- _Image-text web data_:
•••••
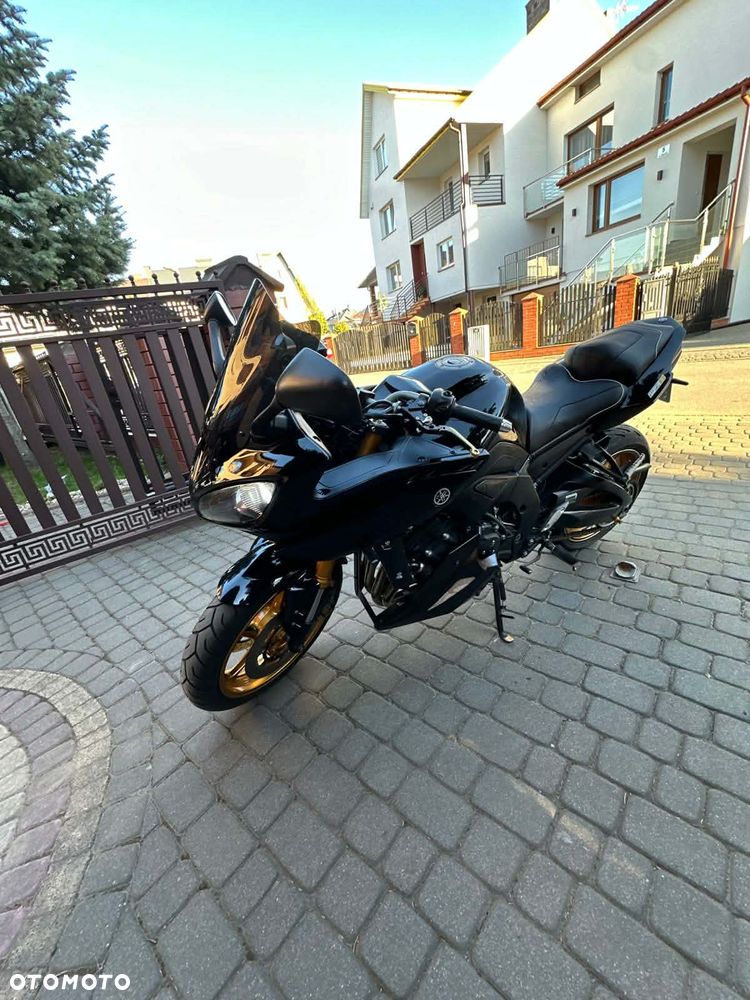 Yamaha FZ8 - 5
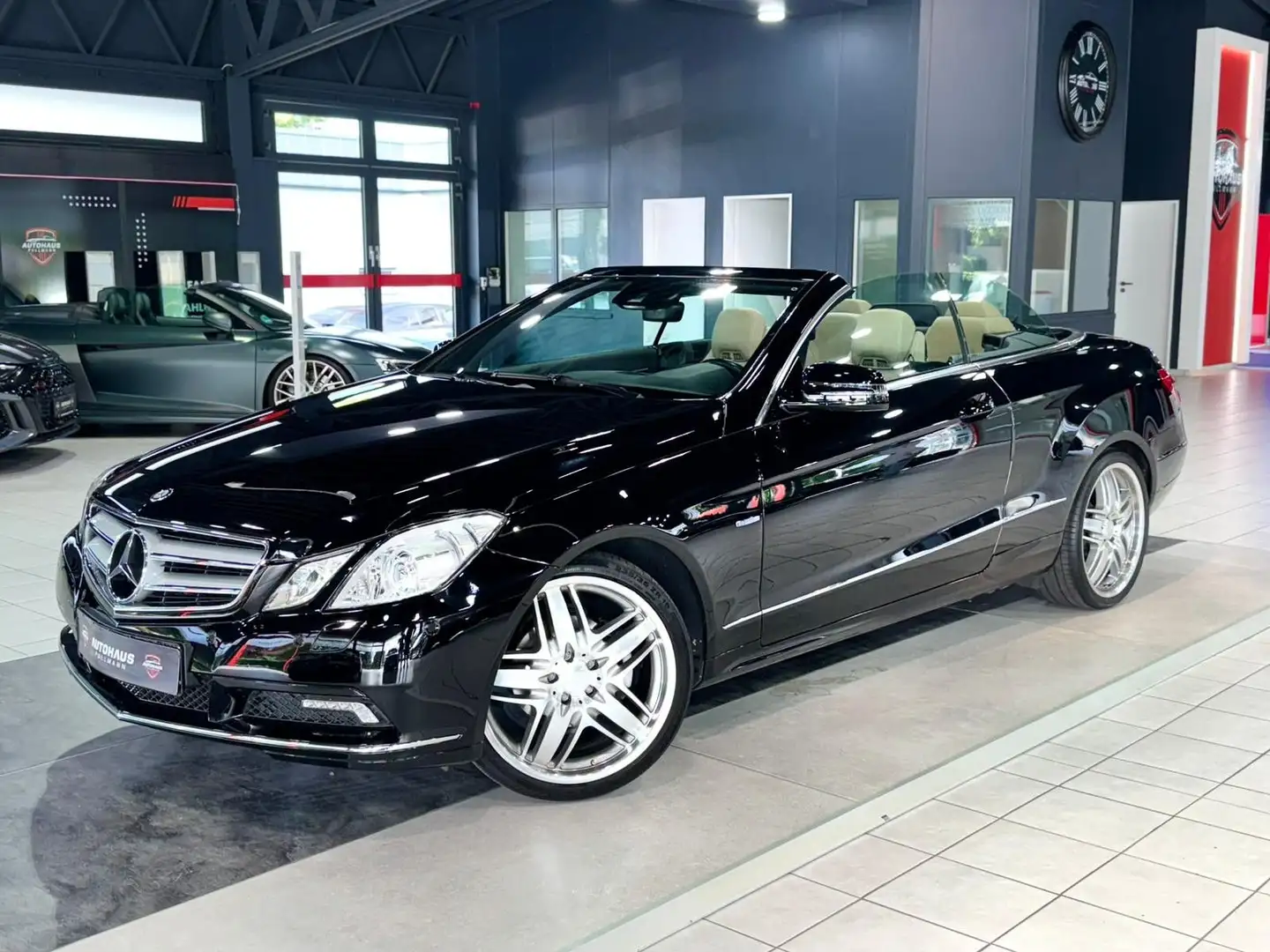 Mercedes-Benz E 200 CGI BlueEfficiency Noir - 1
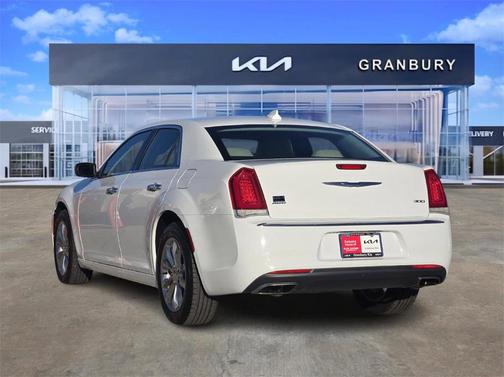 2018 Chrysler 300 Limited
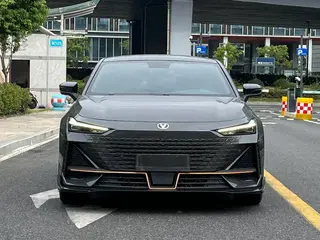 Changan UNI-V 2022 1.5T Sports version exterior photo 2 Changan UNI-V 2022 1.5T Sports version exterior photo 2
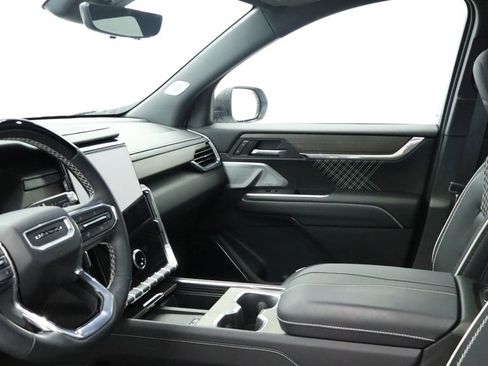 Used 2025 GMC Acadia Denali w/ Super Cruise Package image 33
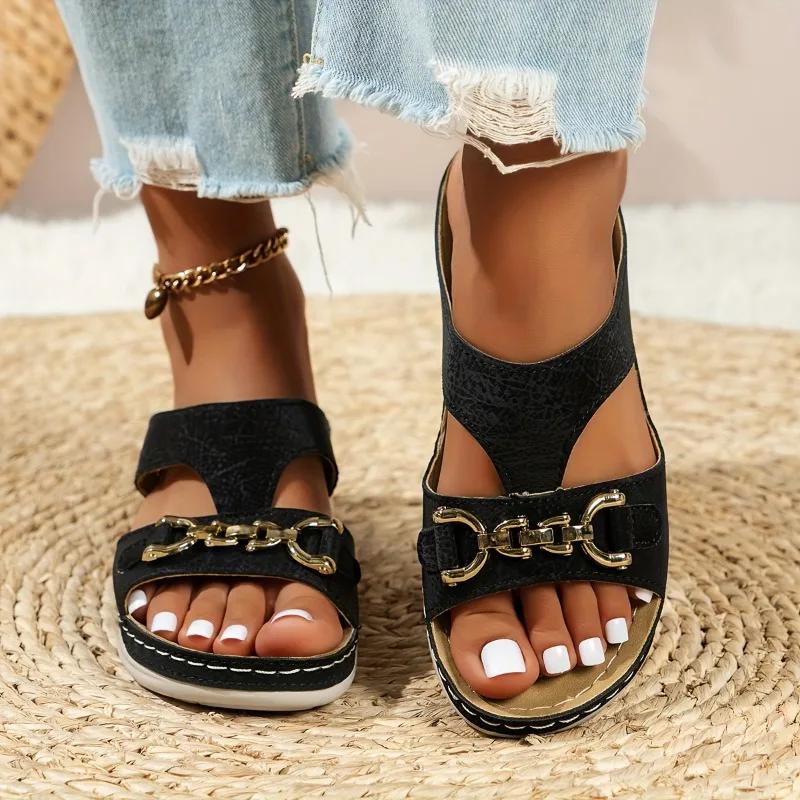 Модная женская обувь 2024 года, горячая распродажа, женские тапочки с открытым носком, летние римские цепочки, однотонные, повседневные пляжные тапочки на танкетке, большого размера
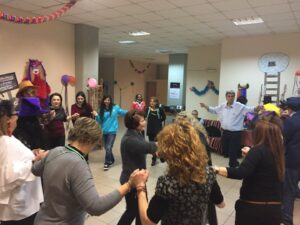 Η ομάδα του Λαϊκού Εργαστηρίου Πάτρας διασκεδάζει με τους τροφίμους του οικοτροφείου Κλίμακα, 2018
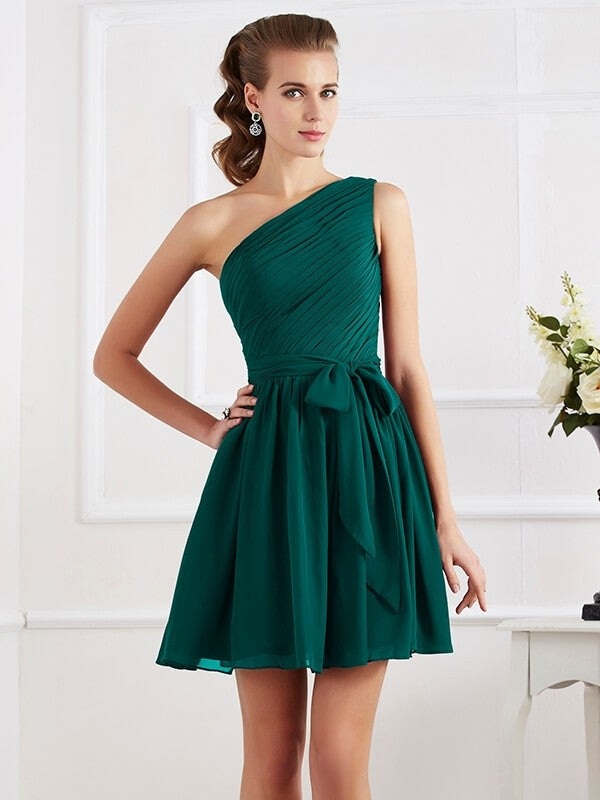 Charming Pleats One-Shoulder Sleeveless Short Chiffon Bridesmaid Dresses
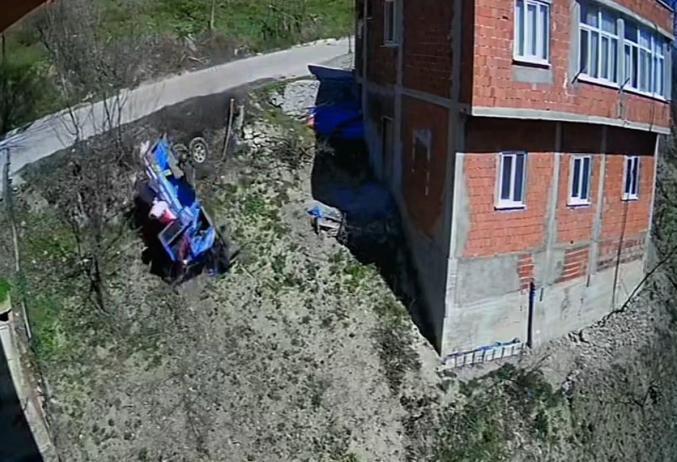 Orduda patpatın uçurumdan yuvarlanması güvenlik kamerasında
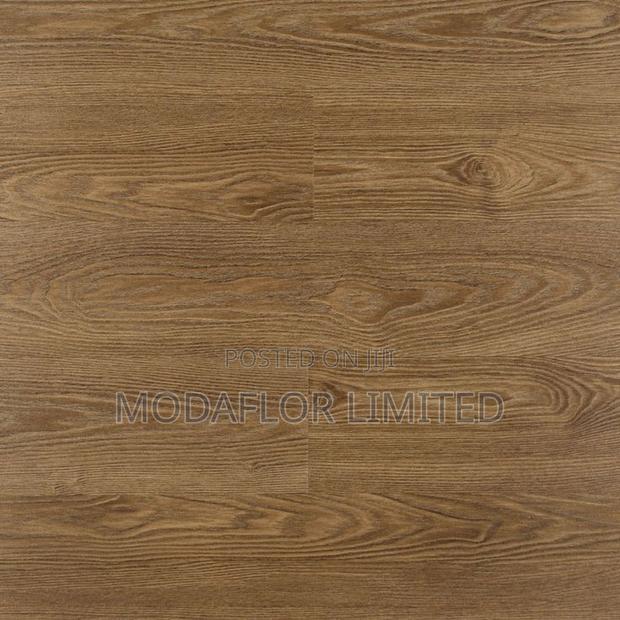 LVT Vinyl Planks for Clean, Modern and Elegant Floor Appearance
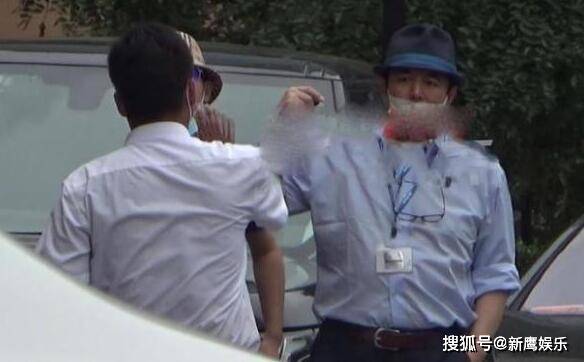 张铁林停车占公道与保安争执,网友:真当自己是皇上?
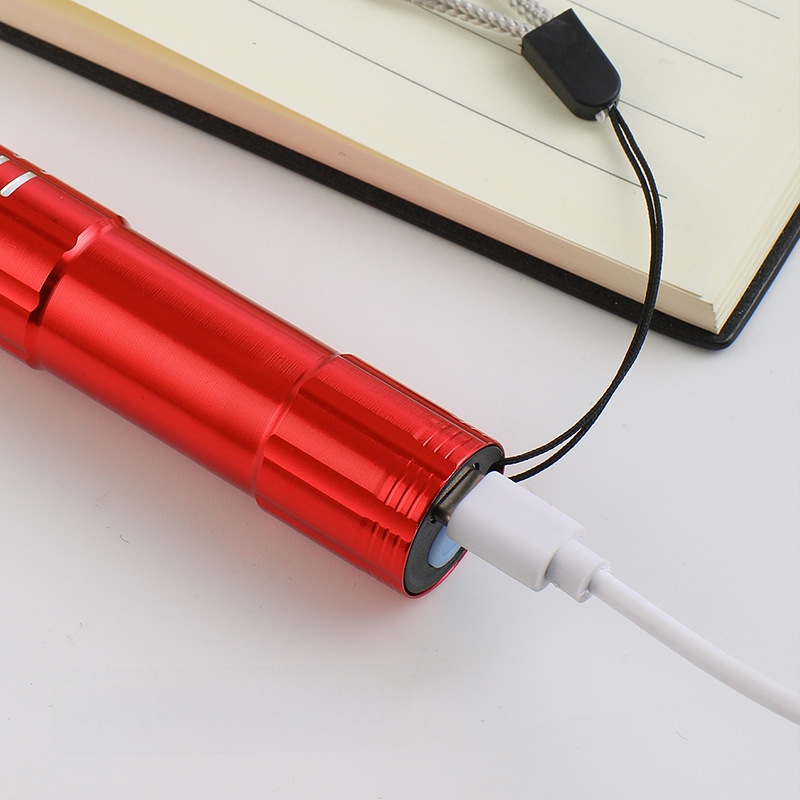 Mini rankinis žibintuvėlis, aliuminio lydinio korpusas, 5W LED, IPX4, 100 m spindulys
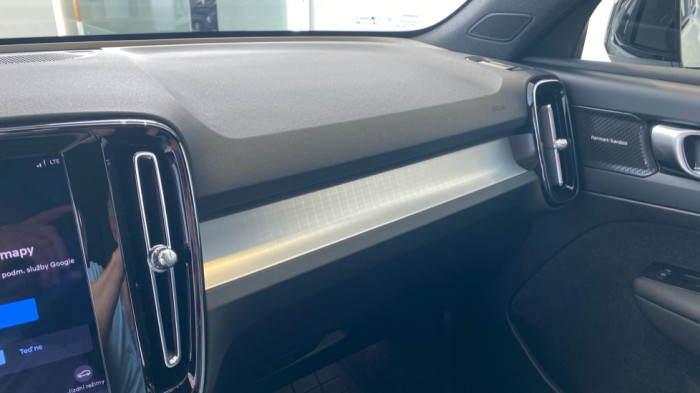 Volvo XC40 PLUS BLACK EDITION, B4 FWD, 145+10 kW / 197+14 HP na operativní leasing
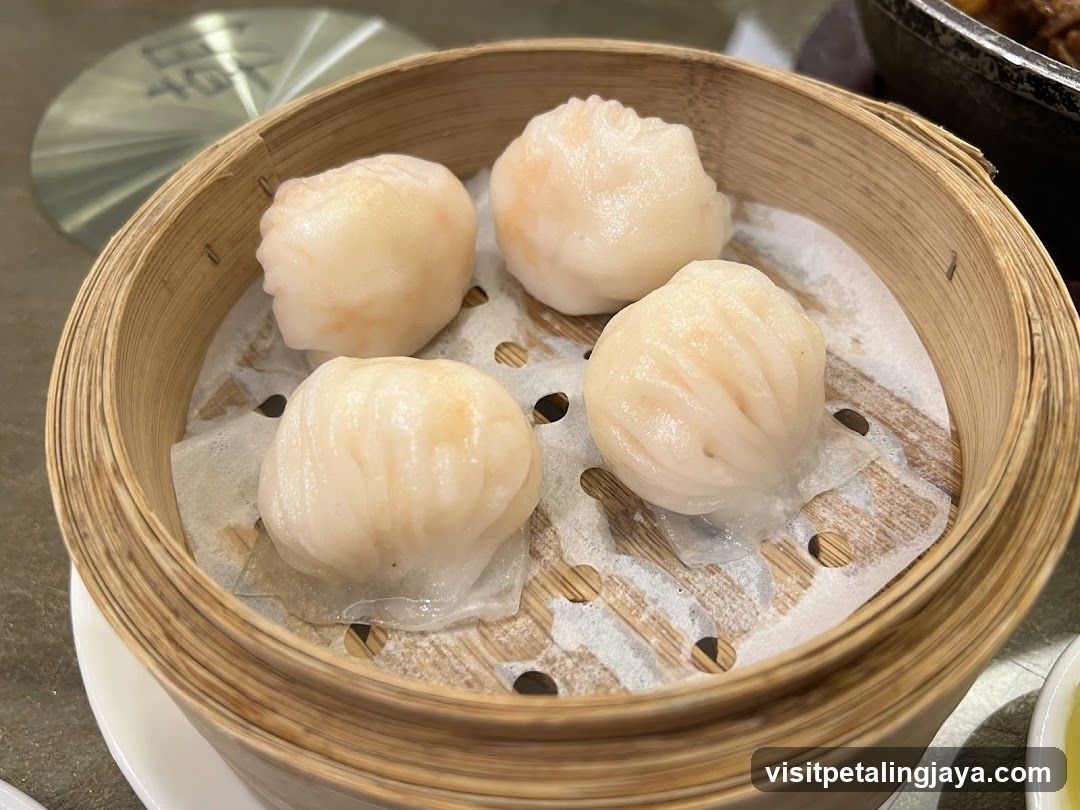 Steamed Dumplings in Bamboo Steamer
•••••
- _Work to complete_:
Once you find the line containing "Mercedes-Benz E 200", transcribe it and each line after it to the end of the records exactly, and leave out the pictures.

- _Your response_:
 Mercedes-Benz E 200 CGI BlueEfficiency Noir - 1
 2018 Chrysler 300 Limited
 Changan UNI-V 2022 1.5T Sports version exterior photo 2 Changan UNI-V 2022 1.5T Sports version exterior photo 2
 Used 2025 GMC Acadia Denali w/ Super Cruise Package image 33
 Модная женская обувь 2024 года, горячая распродажа, женские тапочки с открытым носком, летние римские цепочки, однотонные, повседневные пляжные тапочки на танкетке, большого размера
 Η ομάδα του Λαϊκού Εργαστηρίου Πάτρας διασκεδάζει με τους τροφίμους του οικοτροφείου Κλίμακα, 2018
 Charming Pleats One-Shoulder Sleeveless Short Chiffon Bridesmaid Dresses
 Orduda patpatın uçurumdan yuvarlanması güvenlik kamerasında
 LVT Vinyl Planks for Clean, Modern and Elegant Floor Appearance
 张铁林停车占公道与保安争执,网友:真当自己是皇上?
 Mini rankinis žibintuvėlis, aliuminio lydinio korpusas, 5W LED, IPX4, 100 m spindulys
 Volvo XC40 PLUS BLACK EDITION, B4 FWD, 145+10 kW / 197+14 HP na operativní leasing
 Steamed Dumplings in Bamboo Steamer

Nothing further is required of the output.